◆ Instructions for the task ◆
Copy the complete listing word for word, but do not carry over any images.

--- START ---

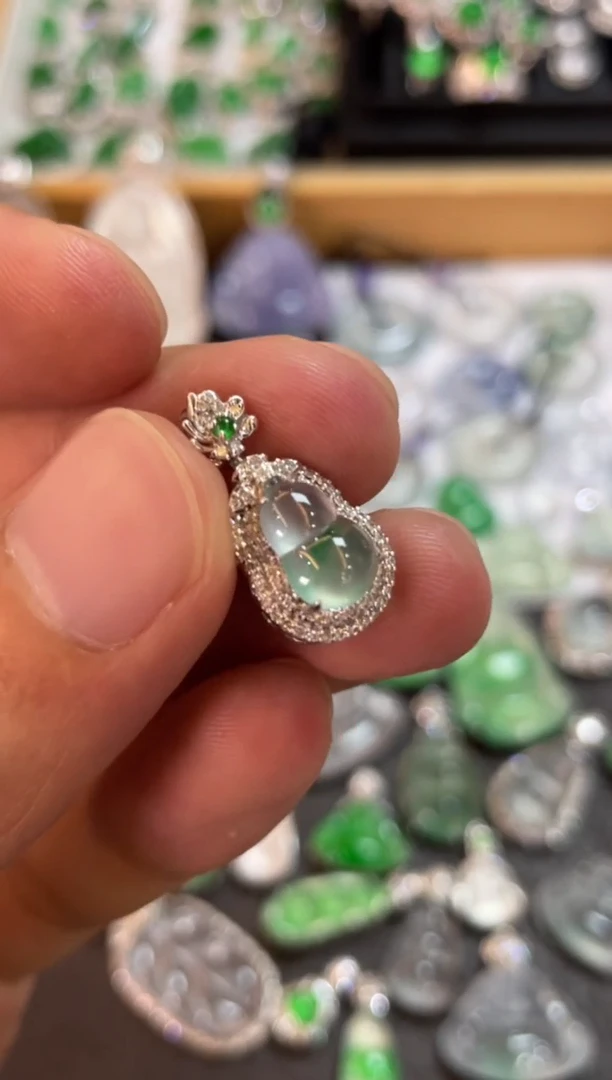 翡翠18K金镶嵌吊坠(不含链)葫芦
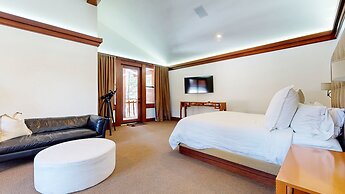 Obsidian 7 Deluxe 5000 sq ft House, Private Jacuzzi and Movie Theater,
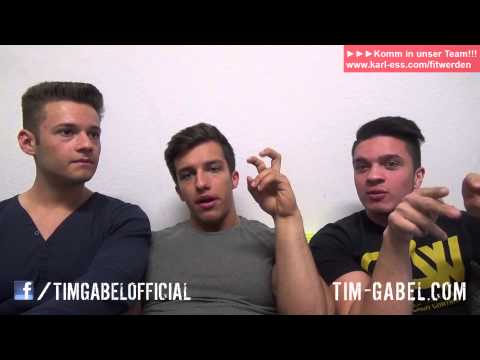 Aggressive vs schüchterne Mädchen - Schlampen wollen den D - TIM GABEL COM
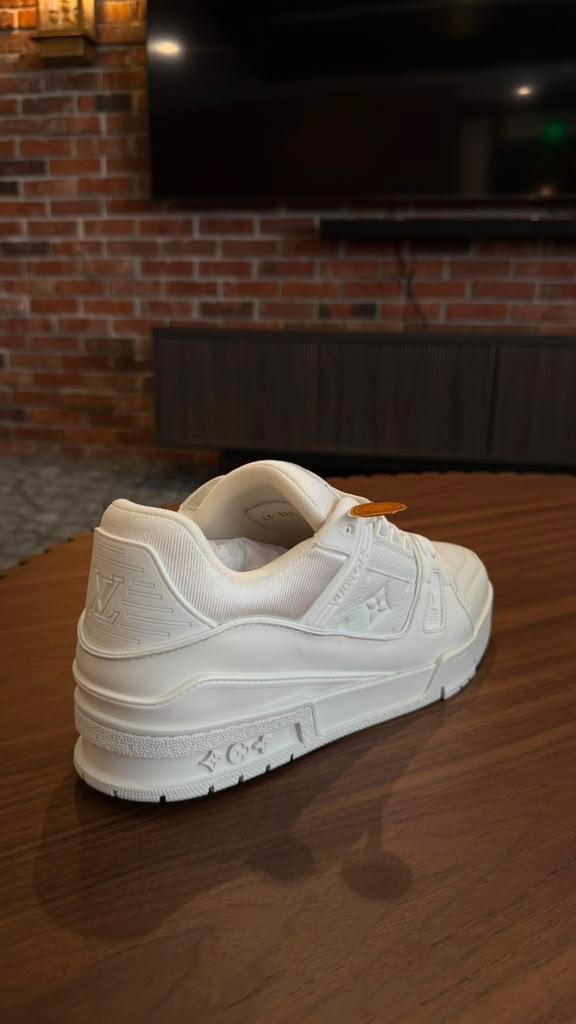 LV White — foto 2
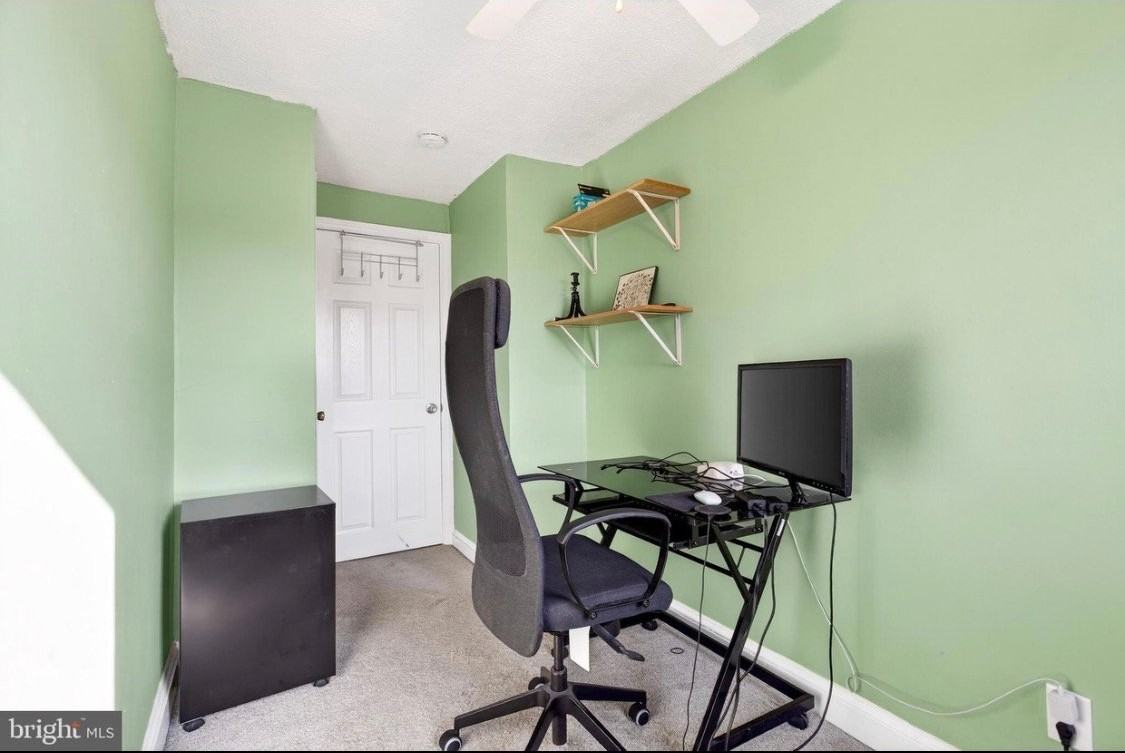 304 Pine St - Photo 7 of 17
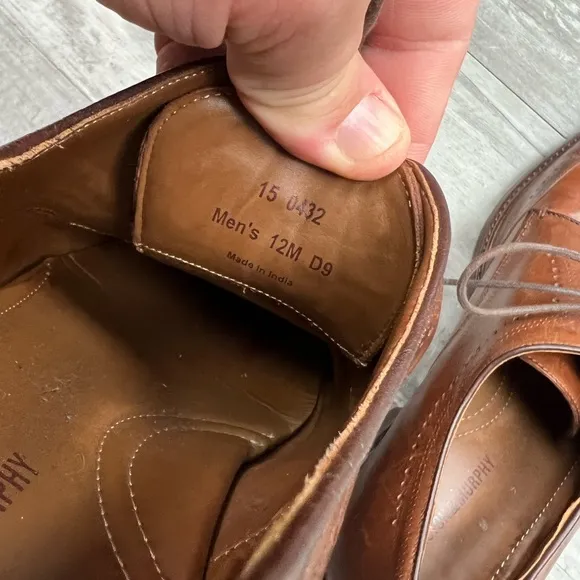 Johnston &amp; Murphy Burnished Walnut Tan Wingtip Derbys 12 M
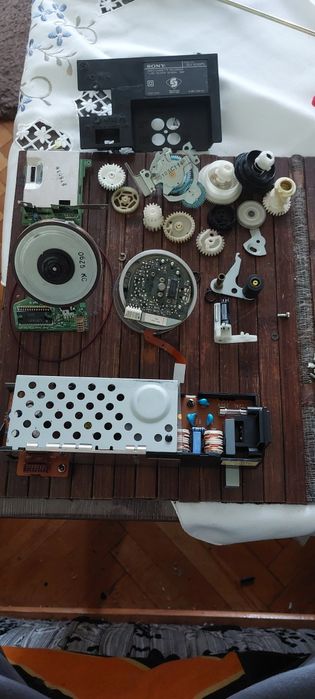 Запчастини до відеомагнітофона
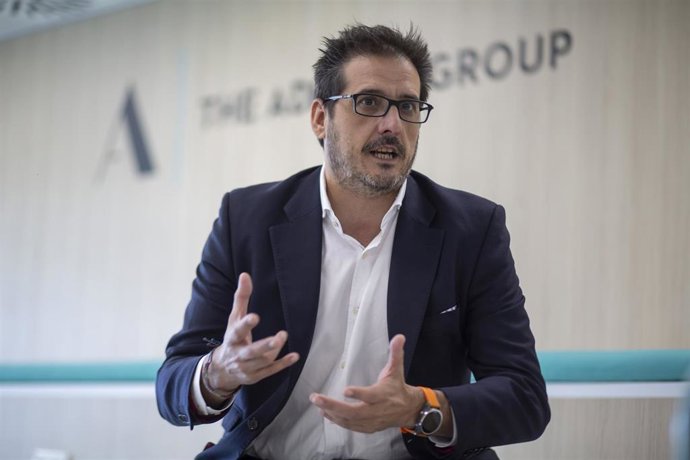 Archivo - Iker Barricat, director general de Adecco España.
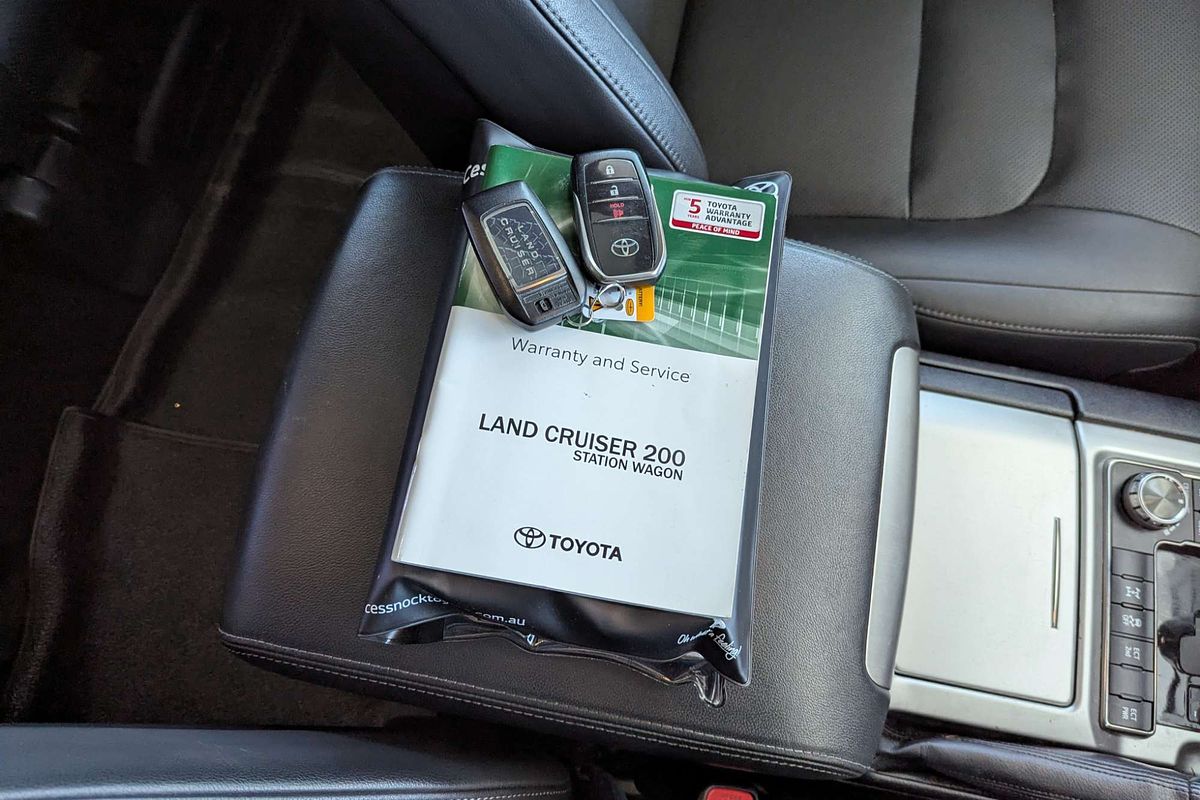 2020 Toyota Landcruiser VX VDJ200R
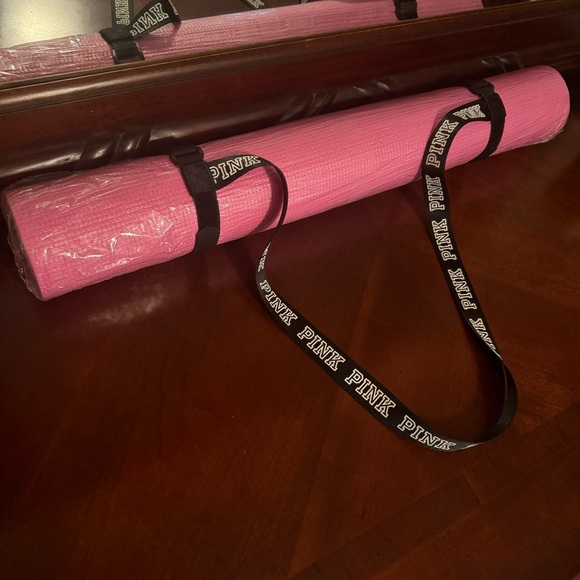 PINK Victoria's Secret Yoga Mat - Picture 2 of 5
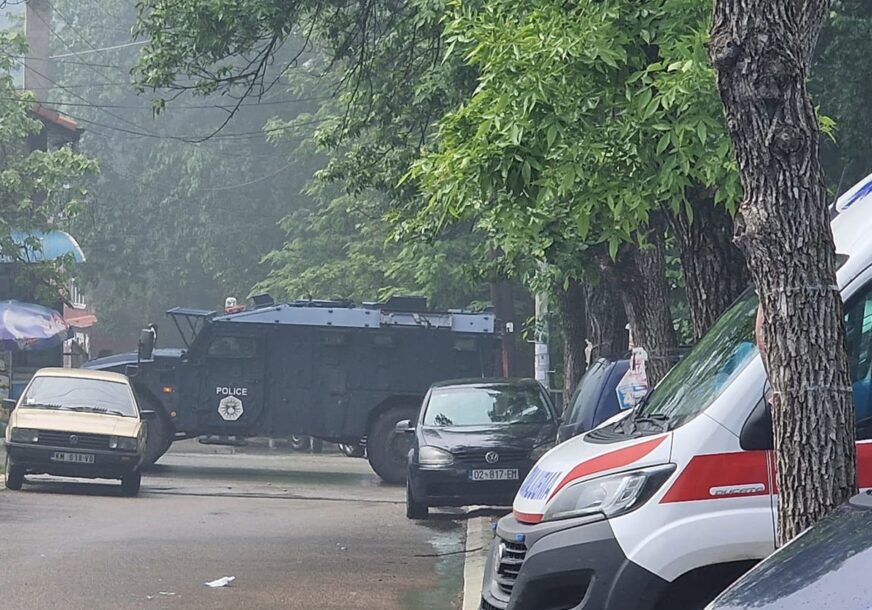 POVRIJEĐENO VIŠE OSOBA Srbi tijelima branili ulazak u zgradu opštine, policija nasilno ušla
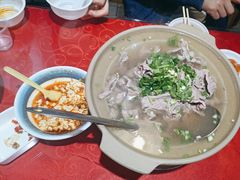 -冯烫烫跷脚牛肉·川菜小馆(武胜西街店)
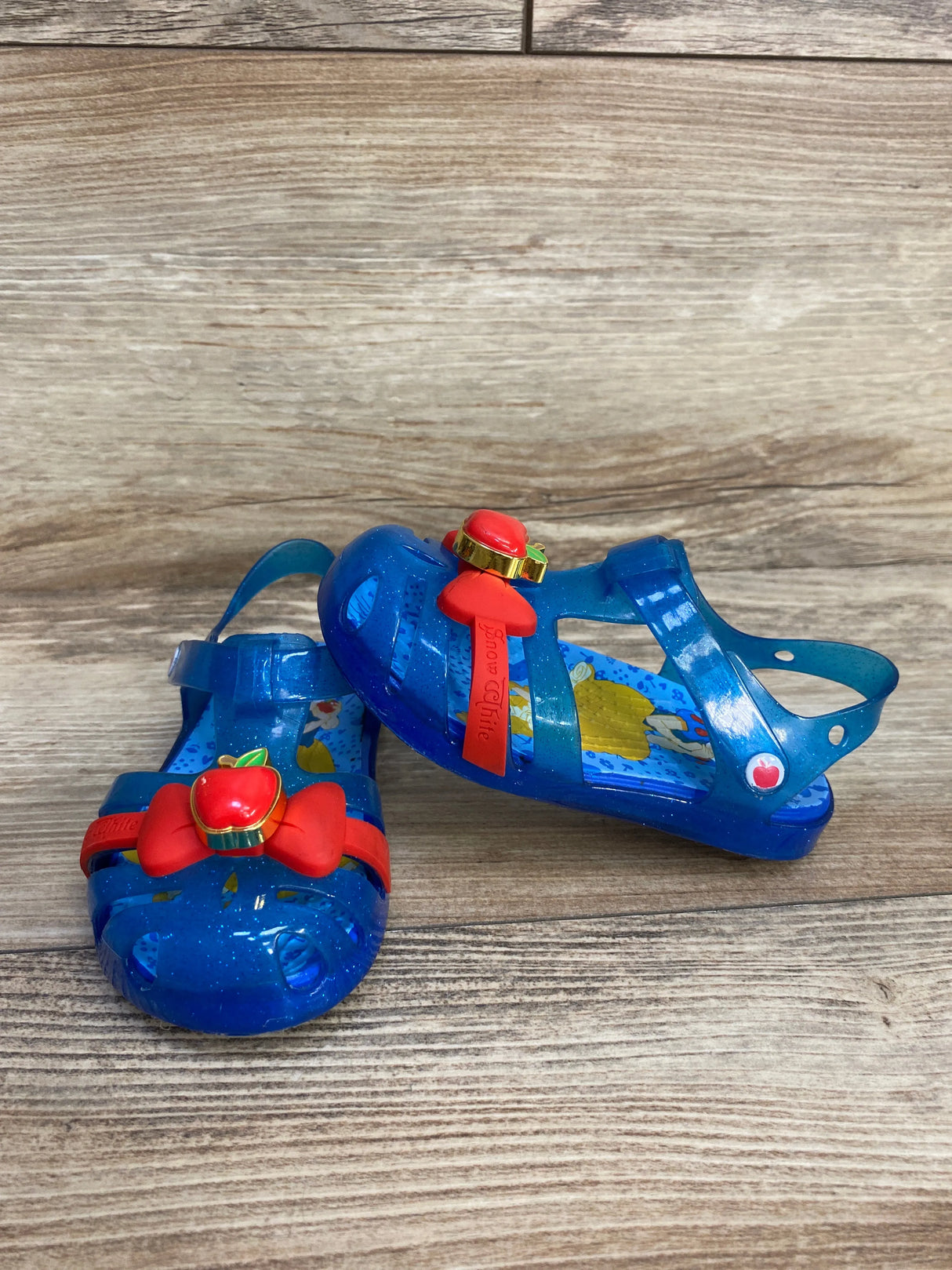 Crocs Snow White Isabella Sandals, Blue sz 6c - Me n Mommy To Be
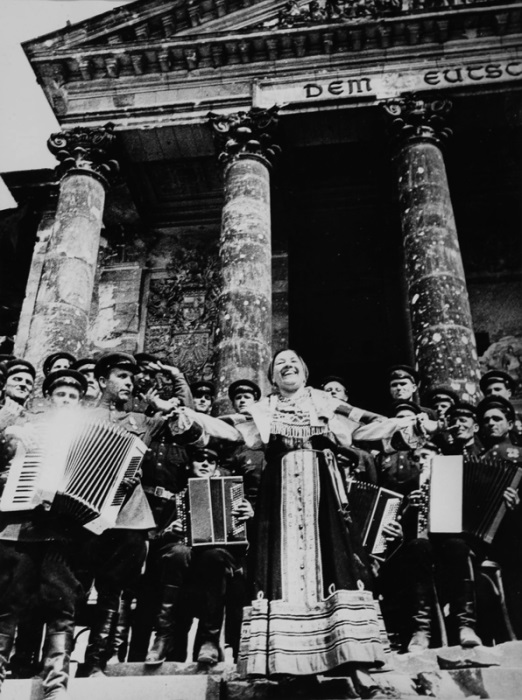 Май 1945-го. Концерт Лидии Руслановой у рейхстага в Берлине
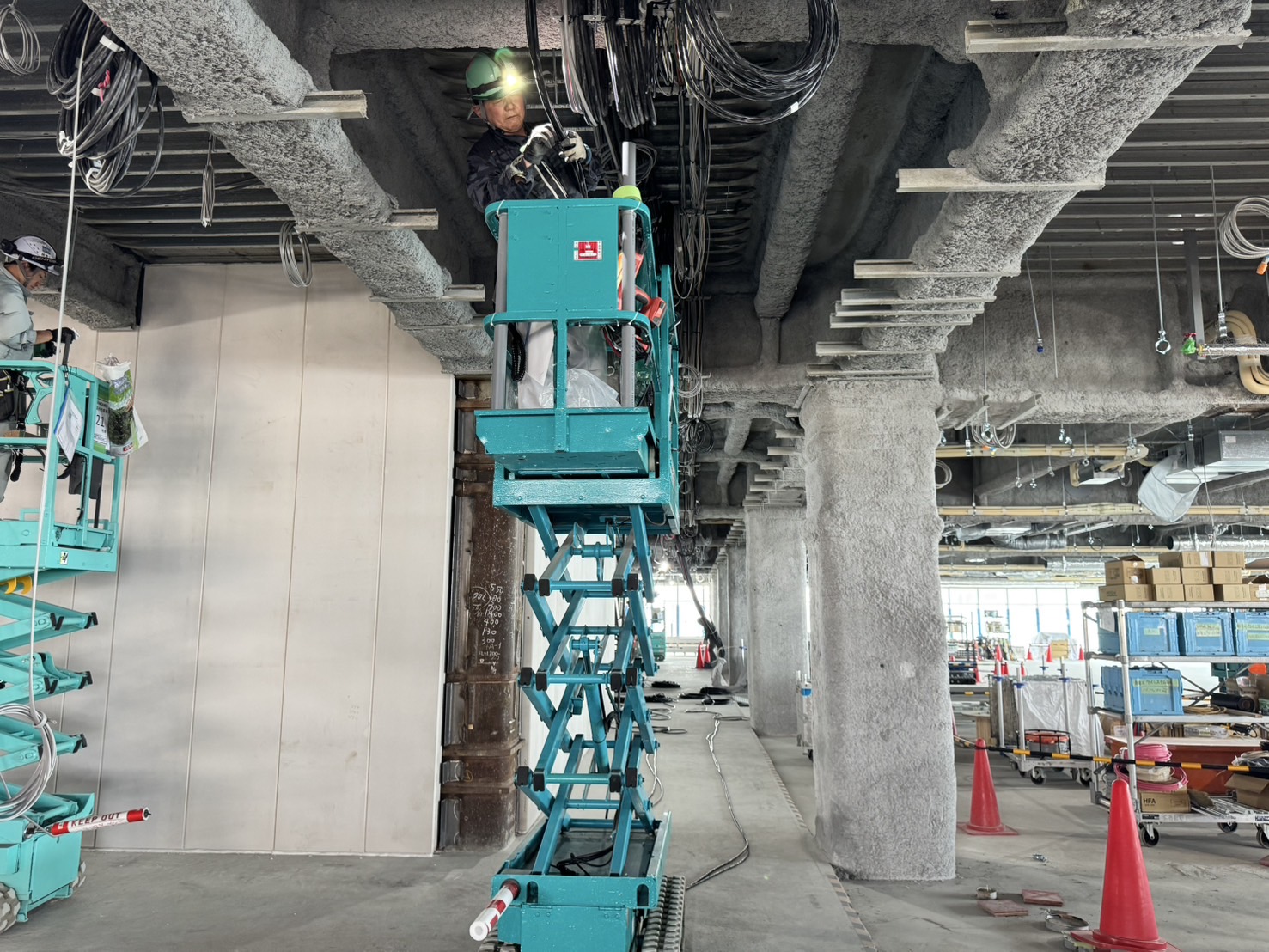 本日紹介するのは高所作業車です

--- END ---

◆ Answer below ◆
 翡翠18K金镶嵌吊坠(不含链)葫芦
 Obsidian 7 Deluxe 5000 sq ft House, Private Jacuzzi and Movie Theater,
 Aggressive vs schüchterne Mädchen - Schlampen wollen den D - TIM GABEL COM
 LV White — foto 2
 304 Pine St - Photo 7 of 17
 Johnston &amp; Murphy Burnished Walnut Tan Wingtip Derbys 12 M
 Запчастини до відеомагнітофона
 Archivo - Iker Barricat, director general de Adecco España.
 2020 Toyota Landcruiser VX VDJ200R
 PINK Victoria's Secret Yoga Mat - Picture 2 of 5
 POVRIJEĐENO VIŠE OSOBA Srbi tijelima branili ulazak u zgradu opštine, policija nasilno ušla
 -冯烫烫跷脚牛肉·川菜小馆(武胜西街店)
 Crocs Snow White Isabella Sandals, Blue sz 6c - Me n Mommy To Be
 Май 1945-го. Концерт Лидии Руслановой у рейхстага в Берлине
 本日紹介するのは高所作業車です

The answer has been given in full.